Synchronization puzzle.

Alex Tweedly alex at tweedly.net
Fri Jan 21 18:52:34 EST 2005


[ slightly OT - this is a "design / algorithm" question rather than a 
Rev/xtalk one, really ]
[and it's a long, rambling email - so feel free to skip it]


I am in the process of writing my own Address Book application.
That may sound like an odd thing to do :
   aren't there already hundreds of programs to do that already ? 
   isn't there an address book built into the OS and/or major apps ?
   can't you get everything from freeware to professional apps to do that ?
   what's wrong with the software that came with your Palm Pilot (or 
PDA, or Pocket PC, or ....)
   why re-invent the wheel ?

The reason that none of them quite satisfies my needs is simple - I want 
a shared address book, between myself, my wife and various other family 
members. There need to be up to 8 different computers running this 
application - all of them on a network, but never all on the same 
network. There are two separate home networks, plus maybe a server on a 
web-site somewhere so I can use it from anywhere with an Internet 
connection; the 3 laptops will intermittently appear on one or other 
network.

Any person can make updates to the address book, and I want a simple way 
to synchronize those changes on to the other instances of the app. What 
I've been doing until recently was using the Palm Desktop software that 
came with my Palm Pilot on each machine; periodically I would sync the 
Palm Desktop to my Palm Pilot, then re-connect the Pilot to another 
machine and sync there, then to another, then .....   which all worked 
OK, though it's a bit of a drag connecting the Pilot to the serial port 
of each machine in turn. And it just seems crazy when they're connected 
together by 100M Ethernet :-)

But now the two newest machines don't have a traditional serial port, 
only USBs. So I have the choice of spending £29.95 for a cable or tens 
(hundreds) of hours writing software - no competition :-)
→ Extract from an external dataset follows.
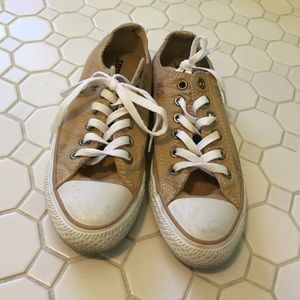 Beige Converse Allstars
I looked at using the Palm database, and simply (??) writing an app to 
sync databases - but the combination of incomplete documentation on the 
format (not to mention its complexity) and concern that I might conflict 
with Palm's synchronization technique has put me off that.  I should 
mention that I never (or very, very rarely) actually use the Palm Pilot 
for anything other than this synch'ing effort. The Palm Pilot is almost 
never carried around; it has, for me, been squeezed out of its niche by 
my laptop one one side and my cell phone with its 100+ phone numbers and 
storage for many SMS messages on the other. (I sometime text myself an 
address or directions if I think I'm likely to need it and won't be 
taking the laptop - or occasionally even use pen+paper !!)

What I'm looking for, then, is a method to do "peer-to-peer" 
synchronization between an undefined number of instances of the address 
database. I've got a design, I've thought it through as much as I can, 
I've done "dry-run"s on paper to check it works, I've implemented it and 
tested it - but I'm still concerned that I've missed something, and that 
it will fail in some circumstances.

Here's the relevant section of my "design document" (i.e. transcription 
of the scribbling on the back of an envelope); I'd be very grateful for 
any comments, corrections, etc.  On the other hand, if there is some 
standard technique or algorithm for doing this, and I just didn't know 
about it (and couldn't find it in a Google search), then a pointer to a 
good description would be also very useful.

---------------------------
Synchronization.

All synchs are user-triggered - i.e. a user on one machine will trigger 
a sync to another machine; the user is available to resolve anyh 
conflicts immediately) or she can choose to postpone that part of the 
synchronization until later. The two machines must be networked together 
at the time of a sync. That sync can use any of:
  - shared file systems   (e.g. laptop to file server)
  - http request / post   (e.g. laptop to web site)
  - TCP based connection (e.g. laptop to laptop while on same network).

(I don't export the filesystems on the laptops, nor do I run http server 
on them, so the plan is that each machine can run a address-book-sync 
server that will accept TCP connections on some odd port, and transfer 
data that way).

The fundamental sync algorithm is the same in each case; the description 
below is written as though the synching machine had complete access to 
the 'other' address files. The optimizations possible to avoid complete 
transfer of the data should be apparent - but in fact for my address 
book, the whole file is probably never going to be above 100K, so it's 
not clear if those optimizations are worth the implementaion effort.

Time synchronization.

It cannot be assumed that the clocks of the different computers are in 
sync, even approximately. It can (and will) be assumed that each 
computer's clock will return times that are continuously increasing.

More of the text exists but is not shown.